Team Members:

Project Proposal

As it is known, Australian forest fires occur at certain times each year. There is even talk of the ‘Bushfire Season’ in Australia. We will try to explain this disaster, in which millions of living species were affected, with climatic changes. The world is in a state of equilibrium, but this balance is breaking down day by day. This balance was also valid between South Africa and Australia, connected by the Indian Ocean. While there are fires on one side, there can be flood disasters on the other.

Project Goal

In this project:
We will examine the relationship between Indian Ocean temperature change and Australian bushfires. We will examine the Indian Ocean Dipole (temperature difference between the South African coast and the Australian coast). The 2019 Australian fire destroyed over 15 million hectares.

Data Documents

We couldn’t upload it to Github because the data is too large.
Data were obtained from the following sites.
You can view the Indian Ocean data here.
Australia data was created by collecting from the internet.

To access all data collectively Drive Link.
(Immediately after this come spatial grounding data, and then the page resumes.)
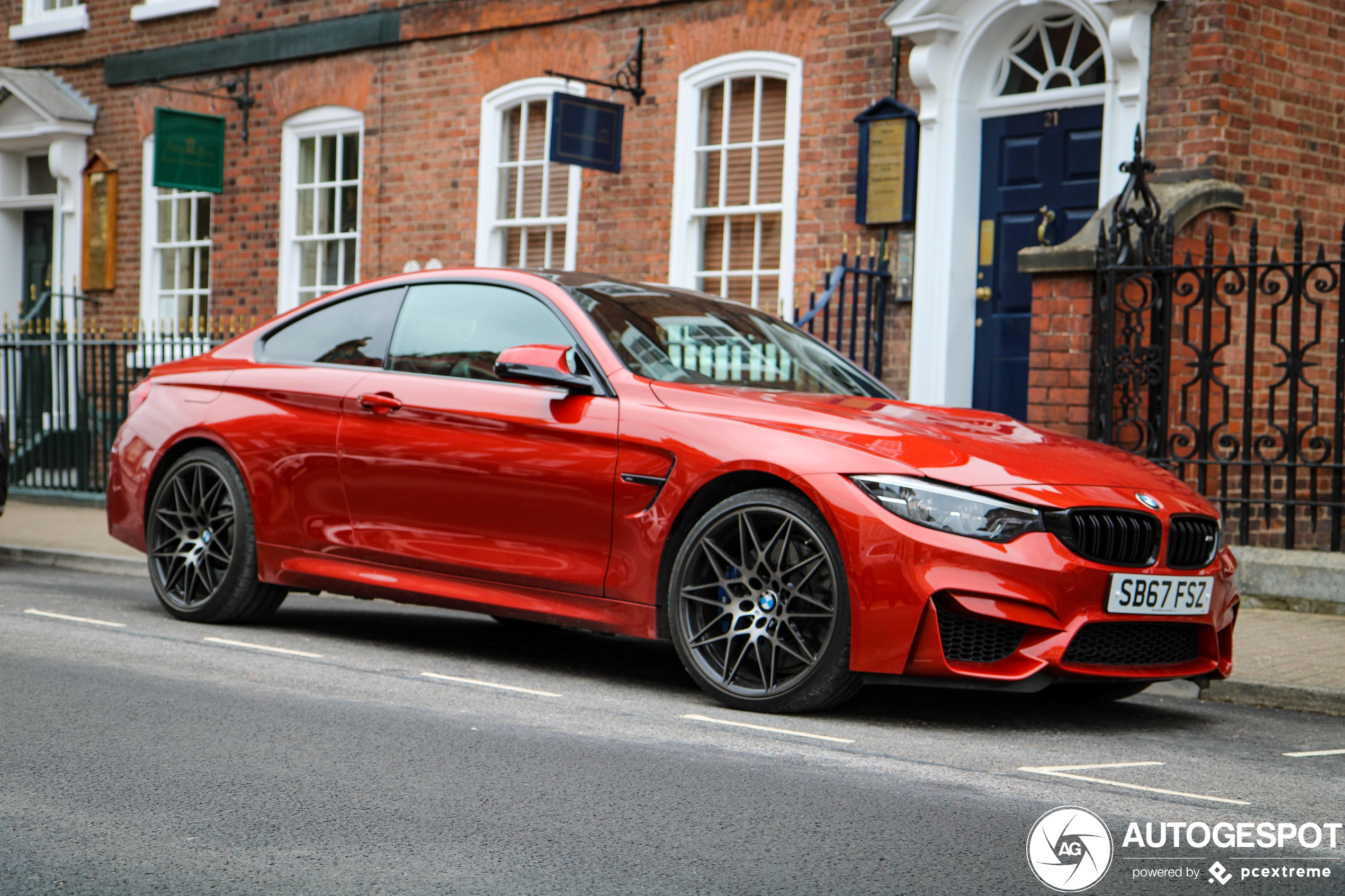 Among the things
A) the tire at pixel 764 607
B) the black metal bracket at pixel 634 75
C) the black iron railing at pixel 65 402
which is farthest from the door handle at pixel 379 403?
the black iron railing at pixel 65 402

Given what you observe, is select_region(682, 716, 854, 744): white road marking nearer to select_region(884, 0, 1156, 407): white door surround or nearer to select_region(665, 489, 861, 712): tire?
select_region(665, 489, 861, 712): tire

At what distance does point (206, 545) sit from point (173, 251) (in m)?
11.3

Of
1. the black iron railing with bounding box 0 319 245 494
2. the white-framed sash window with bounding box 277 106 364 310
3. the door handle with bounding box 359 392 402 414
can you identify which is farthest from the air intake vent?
the white-framed sash window with bounding box 277 106 364 310

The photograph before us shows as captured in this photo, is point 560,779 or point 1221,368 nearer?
point 560,779

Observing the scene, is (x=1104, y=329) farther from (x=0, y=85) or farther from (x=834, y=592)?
(x=0, y=85)

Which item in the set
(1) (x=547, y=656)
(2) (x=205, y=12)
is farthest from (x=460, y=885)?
(2) (x=205, y=12)

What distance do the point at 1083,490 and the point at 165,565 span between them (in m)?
4.24

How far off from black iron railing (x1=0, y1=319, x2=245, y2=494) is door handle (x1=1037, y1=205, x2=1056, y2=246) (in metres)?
7.07

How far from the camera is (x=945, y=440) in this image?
213 inches

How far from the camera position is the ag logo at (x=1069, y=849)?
3635 millimetres

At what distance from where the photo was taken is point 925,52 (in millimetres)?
11648

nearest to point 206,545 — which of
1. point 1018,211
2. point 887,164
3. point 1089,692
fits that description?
point 1089,692

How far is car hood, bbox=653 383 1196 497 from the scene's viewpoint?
5242 millimetres

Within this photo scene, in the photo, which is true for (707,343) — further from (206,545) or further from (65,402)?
(65,402) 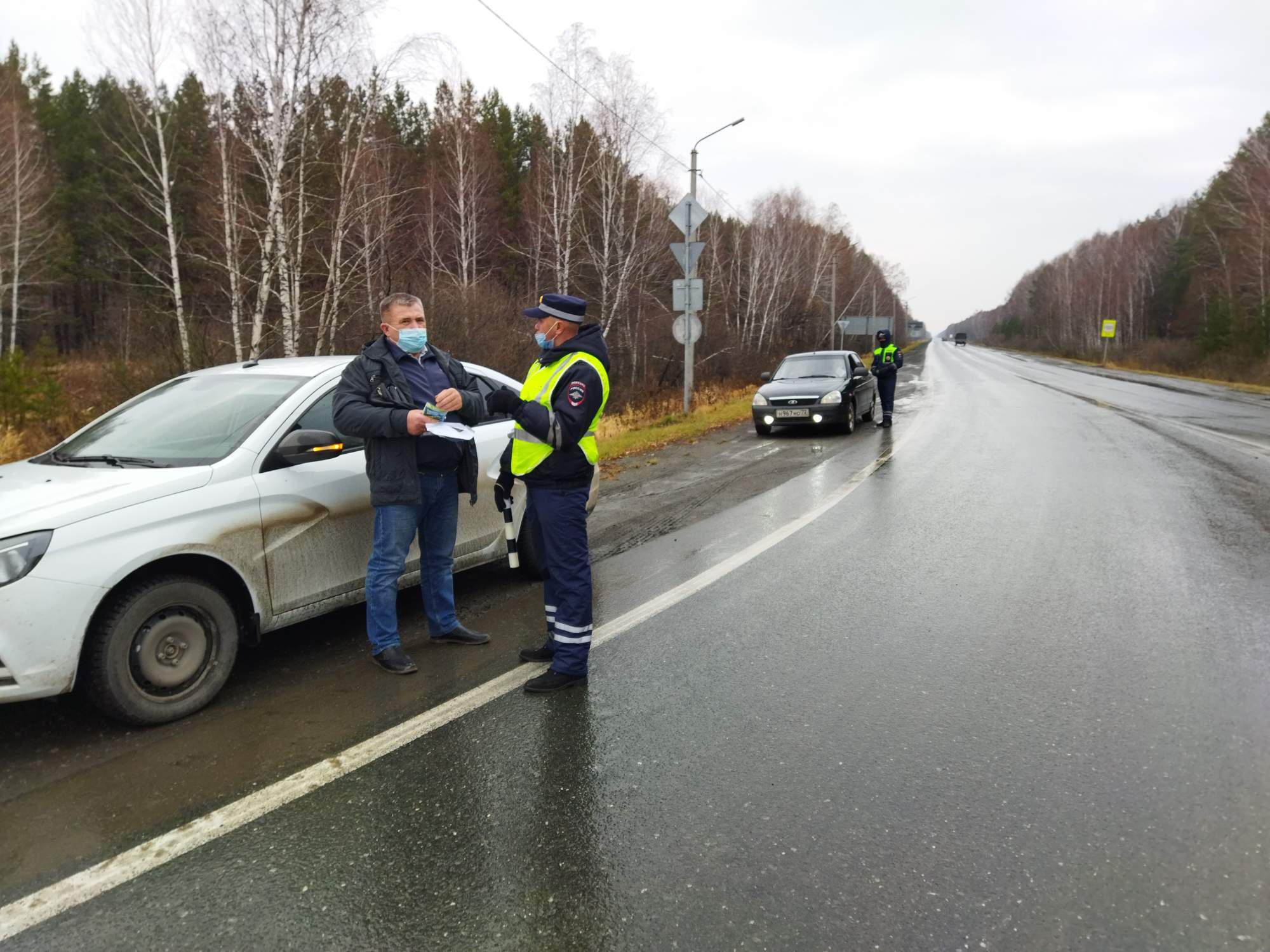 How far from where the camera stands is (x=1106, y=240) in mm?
90625

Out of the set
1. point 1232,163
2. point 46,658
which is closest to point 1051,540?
point 46,658

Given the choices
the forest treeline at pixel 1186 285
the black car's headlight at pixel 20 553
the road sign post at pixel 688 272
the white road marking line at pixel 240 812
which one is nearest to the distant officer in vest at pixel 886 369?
the road sign post at pixel 688 272

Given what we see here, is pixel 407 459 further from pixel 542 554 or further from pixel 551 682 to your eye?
pixel 551 682

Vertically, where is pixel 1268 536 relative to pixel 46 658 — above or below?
below

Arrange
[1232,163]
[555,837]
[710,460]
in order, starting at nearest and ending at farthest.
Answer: [555,837], [710,460], [1232,163]

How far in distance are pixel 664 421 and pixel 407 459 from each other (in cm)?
1422

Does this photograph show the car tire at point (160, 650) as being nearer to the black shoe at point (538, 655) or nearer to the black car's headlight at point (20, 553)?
the black car's headlight at point (20, 553)

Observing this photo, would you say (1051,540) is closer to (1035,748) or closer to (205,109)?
(1035,748)

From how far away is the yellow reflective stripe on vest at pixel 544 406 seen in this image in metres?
3.98

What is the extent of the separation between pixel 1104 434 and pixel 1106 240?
9182 centimetres

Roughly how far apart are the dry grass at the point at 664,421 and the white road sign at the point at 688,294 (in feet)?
7.93

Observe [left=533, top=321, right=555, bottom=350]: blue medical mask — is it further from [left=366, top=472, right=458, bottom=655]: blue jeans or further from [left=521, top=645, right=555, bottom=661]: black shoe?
[left=521, top=645, right=555, bottom=661]: black shoe

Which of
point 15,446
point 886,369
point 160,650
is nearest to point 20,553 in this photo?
point 160,650

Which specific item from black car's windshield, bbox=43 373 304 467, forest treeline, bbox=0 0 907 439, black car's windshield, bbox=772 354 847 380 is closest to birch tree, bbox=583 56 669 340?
forest treeline, bbox=0 0 907 439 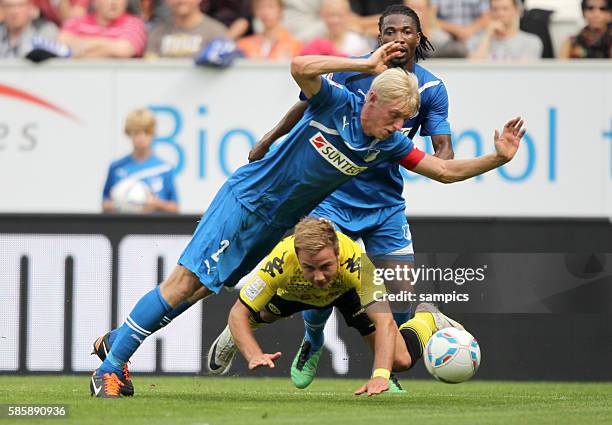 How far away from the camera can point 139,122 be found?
1346 cm

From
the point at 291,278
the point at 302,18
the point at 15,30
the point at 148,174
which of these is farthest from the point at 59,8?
the point at 291,278

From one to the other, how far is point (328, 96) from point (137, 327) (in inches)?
74.3

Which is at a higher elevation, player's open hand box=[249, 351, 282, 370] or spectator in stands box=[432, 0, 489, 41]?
spectator in stands box=[432, 0, 489, 41]

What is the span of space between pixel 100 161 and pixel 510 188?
432cm

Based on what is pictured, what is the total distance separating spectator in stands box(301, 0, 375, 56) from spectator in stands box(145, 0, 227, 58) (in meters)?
1.11

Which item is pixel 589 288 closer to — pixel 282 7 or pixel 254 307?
pixel 254 307

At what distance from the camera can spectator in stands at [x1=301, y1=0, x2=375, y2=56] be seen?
46.3ft

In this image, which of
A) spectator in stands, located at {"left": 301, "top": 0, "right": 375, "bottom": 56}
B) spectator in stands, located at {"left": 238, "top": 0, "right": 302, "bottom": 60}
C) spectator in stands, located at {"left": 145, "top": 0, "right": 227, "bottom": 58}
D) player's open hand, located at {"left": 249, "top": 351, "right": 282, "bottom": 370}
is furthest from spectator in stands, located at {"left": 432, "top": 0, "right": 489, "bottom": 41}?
player's open hand, located at {"left": 249, "top": 351, "right": 282, "bottom": 370}

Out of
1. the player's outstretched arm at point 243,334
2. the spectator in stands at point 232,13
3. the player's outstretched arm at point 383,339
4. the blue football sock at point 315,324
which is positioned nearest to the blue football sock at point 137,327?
the player's outstretched arm at point 243,334

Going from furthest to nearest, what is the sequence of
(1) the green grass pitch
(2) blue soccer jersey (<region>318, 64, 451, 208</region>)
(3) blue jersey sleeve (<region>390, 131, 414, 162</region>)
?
(2) blue soccer jersey (<region>318, 64, 451, 208</region>) → (3) blue jersey sleeve (<region>390, 131, 414, 162</region>) → (1) the green grass pitch

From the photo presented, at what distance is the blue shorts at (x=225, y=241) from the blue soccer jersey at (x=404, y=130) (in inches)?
40.6

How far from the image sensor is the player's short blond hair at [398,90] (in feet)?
24.4

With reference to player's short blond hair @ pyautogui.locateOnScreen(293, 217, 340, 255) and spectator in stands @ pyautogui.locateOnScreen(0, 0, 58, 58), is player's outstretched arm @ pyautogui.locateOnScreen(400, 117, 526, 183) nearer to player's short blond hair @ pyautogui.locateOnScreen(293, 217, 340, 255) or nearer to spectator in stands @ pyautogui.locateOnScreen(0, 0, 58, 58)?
player's short blond hair @ pyautogui.locateOnScreen(293, 217, 340, 255)

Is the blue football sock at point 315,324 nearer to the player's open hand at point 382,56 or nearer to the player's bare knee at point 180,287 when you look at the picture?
the player's bare knee at point 180,287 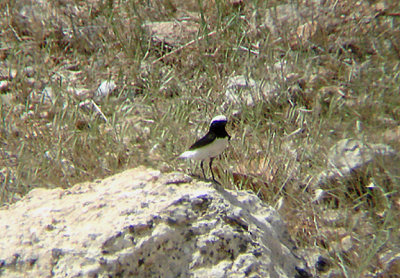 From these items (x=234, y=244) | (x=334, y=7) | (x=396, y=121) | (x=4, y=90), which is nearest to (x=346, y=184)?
(x=396, y=121)

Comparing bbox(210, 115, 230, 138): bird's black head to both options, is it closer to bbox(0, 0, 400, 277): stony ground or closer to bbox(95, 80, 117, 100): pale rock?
bbox(0, 0, 400, 277): stony ground

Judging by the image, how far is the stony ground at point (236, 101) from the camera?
3.27 meters

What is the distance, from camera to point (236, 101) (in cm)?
424

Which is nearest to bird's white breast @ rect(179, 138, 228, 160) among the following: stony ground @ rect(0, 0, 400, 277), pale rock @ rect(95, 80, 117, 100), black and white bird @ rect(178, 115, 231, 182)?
black and white bird @ rect(178, 115, 231, 182)

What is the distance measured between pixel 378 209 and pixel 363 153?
39 centimetres

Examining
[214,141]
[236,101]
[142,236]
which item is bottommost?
[236,101]

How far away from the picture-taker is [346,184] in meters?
3.36

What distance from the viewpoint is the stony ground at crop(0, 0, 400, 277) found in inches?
129

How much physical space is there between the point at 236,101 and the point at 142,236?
7.56ft

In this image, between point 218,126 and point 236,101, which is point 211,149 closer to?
point 218,126

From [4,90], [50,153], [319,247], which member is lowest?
[319,247]

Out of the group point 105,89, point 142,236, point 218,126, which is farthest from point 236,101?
point 142,236

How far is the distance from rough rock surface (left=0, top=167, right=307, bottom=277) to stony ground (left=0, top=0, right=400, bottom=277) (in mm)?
857

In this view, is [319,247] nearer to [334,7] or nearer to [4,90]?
[334,7] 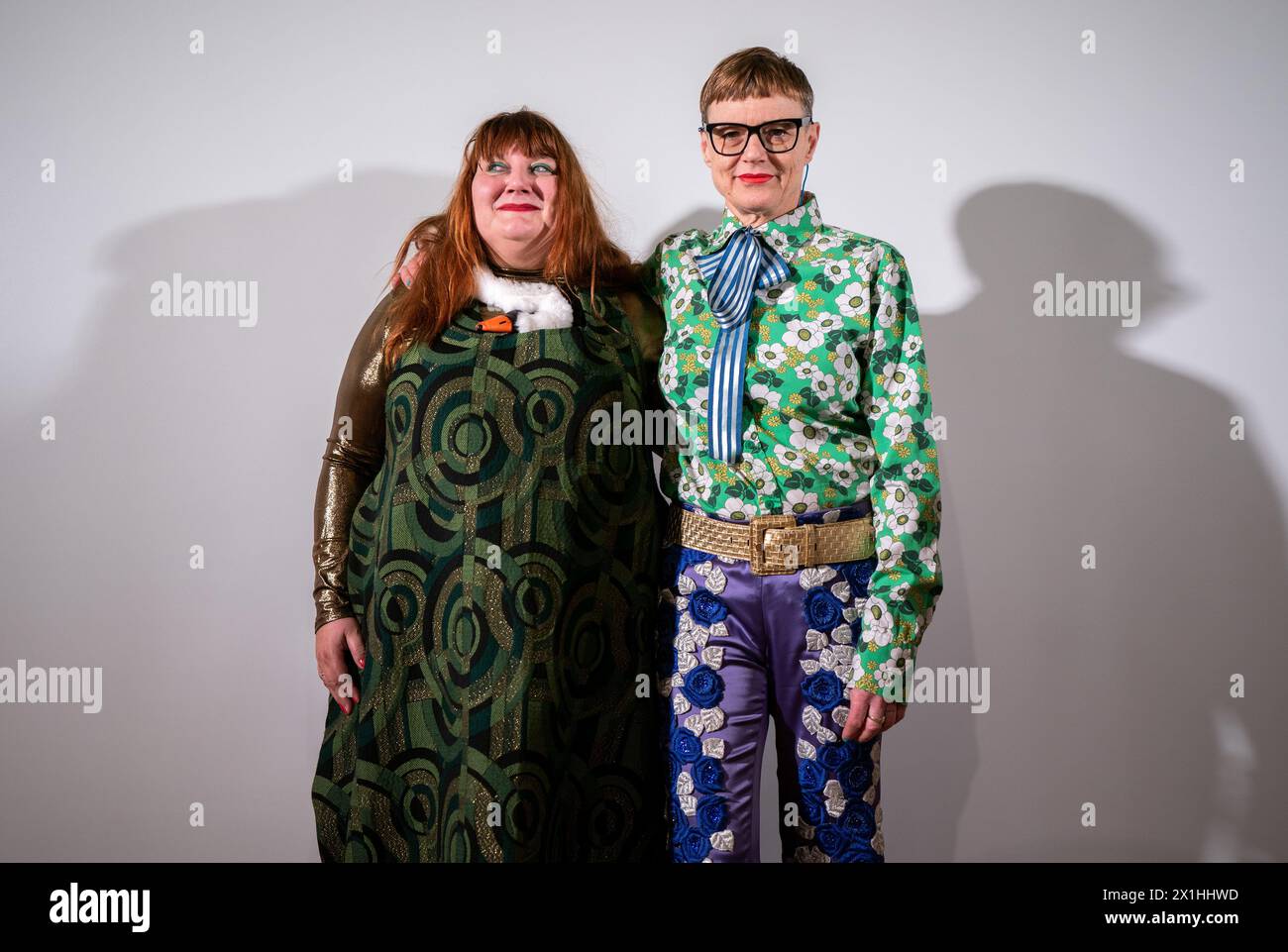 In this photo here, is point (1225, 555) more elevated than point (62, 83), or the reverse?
point (62, 83)

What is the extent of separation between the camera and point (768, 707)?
1.93 metres

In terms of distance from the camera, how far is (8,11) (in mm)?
2648

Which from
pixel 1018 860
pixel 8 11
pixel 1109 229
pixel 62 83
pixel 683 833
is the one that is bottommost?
pixel 1018 860

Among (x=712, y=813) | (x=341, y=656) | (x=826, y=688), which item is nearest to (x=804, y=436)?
(x=826, y=688)

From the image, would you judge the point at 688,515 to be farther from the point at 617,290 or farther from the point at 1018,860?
the point at 1018,860

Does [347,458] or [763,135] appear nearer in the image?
[763,135]

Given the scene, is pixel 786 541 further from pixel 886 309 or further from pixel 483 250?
pixel 483 250

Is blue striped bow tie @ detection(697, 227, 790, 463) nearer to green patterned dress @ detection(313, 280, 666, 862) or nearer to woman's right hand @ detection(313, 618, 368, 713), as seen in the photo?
green patterned dress @ detection(313, 280, 666, 862)

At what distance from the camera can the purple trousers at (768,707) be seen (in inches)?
72.9

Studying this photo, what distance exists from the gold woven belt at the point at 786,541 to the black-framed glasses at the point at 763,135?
0.65m

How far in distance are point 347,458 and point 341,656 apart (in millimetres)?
386

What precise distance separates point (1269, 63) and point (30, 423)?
3.15 metres

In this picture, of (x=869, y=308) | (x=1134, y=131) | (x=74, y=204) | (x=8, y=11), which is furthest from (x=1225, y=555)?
(x=8, y=11) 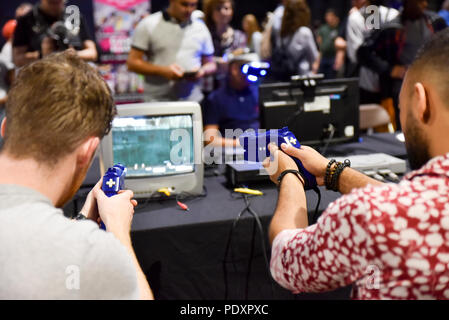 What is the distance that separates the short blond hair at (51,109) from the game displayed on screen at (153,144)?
906mm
Variables we intend to use:

Surface temperature of the water, longitude, latitude, date, burned area

The codes of the operations performed are shown below.

library(tidyverse)
library(readr)
library(magrittr)
library(ggplot2)
library(readxl)   
library(hrbrthemes)
library(babynames)
library(ggrepel)
library(tidyr)
library(ggthemes)
library(leaflet)
library(leaflet.extras)
indian_ocean_df <- read_csv("data/indian_ocean/indian_ocean_df.csv",
                            show_col_types = FALSE)

# I chose the columns that I could possibly use.
indian_ocean_df <- indian_ocean_df[,c('STATION','DATE','LATITUDE','LONGITUDE','AIR_TEMP',
                                      'DEW_PT_TEMP','SEA_SURF_TEMP')]
# I prefer the column names to be lowercase.
colnames(indian_ocean_df) <- tolower(colnames(indian_ocean_df))
# There are data at different times of the same day. We need monthly data. 
# First I extracted the time data to be able to use group_by, just set it to be day/month. 
# Thus, I can easily group_by. Because I will sort it.

indian_ocean_df['date'] = format(as.Date(as.POSIXct(indian_ocean_df$date)), "%Y%m")
indian_ocean_df$date <- as.integer(indian_ocean_df$date)

Let’s start cleaning “NaN” data.

# [air_temp] column cleaning
sum(is.na(indian_ocean_df['air_temp']))
## [1] 1322311
# It is not healthy for the air_temp column of 1.3M rows to be "NaN" when I have 1.7M 
# rows in total. This number is too high. So I'm removing the air_temp column.
indian_ocean_df <- subset(indian_ocean_df, select = -air_temp)
# [dew_pt_temp] column cleaning
sum(is.na(indian_ocean_df$dew_pt_temp))
## [1] 1416491
# It is not healthy for the dew_pt_temp column of 1.3M rows 
# to be "NaN" when I have 1.7M rows in total.This number is too high. 
# So I'm removing the air_temp column.
indian_ocean_df <- subset(indian_ocean_df, select = -dew_pt_temp)
# [sea_surf_temp] column cleaning
sum(is.na(indian_ocean_df$sea_surf_temp))
## [1] 266722
# It consists of 266,722 rows of "NaN" data in total. Considering that I have 
# a large data with 1.7M rows, it seems to be healthier to remove 
# these rows instead of filling them with average values. 
# I think the data I have is sufficient.
indian_ocean_df <- indian_ocean_df[!(is.na(indian_ocean_df['sea_surf_temp'])),]

Classification of Regions

# I need to separate the coastal zones. In the [station] column, 
# the names of the regions are given, but they do not mean anything. 
# Because while giving the data, the explanations of these columns 
# were not made. So the regions I will separate them by longitude. 
# The [longitude] column has height data. If [longitude] > 90°, 
# I will consider it as the Australian coast, if [longitude] < 60°, I will 
# consider the South African coast.

indian_ocean_df %<>% mutate(indian_ocean_df, 
       station = ifelse(longitude > 105, "australian_coast",
                 ifelse(longitude < 50, "southAfrica_coast", "middle_zone"))
      )
# I want to get a specific latitude range. We have -60° to 10°. 
# The lower part, namely -60° latitude, is very south. 
# To observe the Indian Ocean dipole, I will set this range between -20° and 10°.
indian_ocean_df <- filter(indian_ocean_df,latitude >= -20)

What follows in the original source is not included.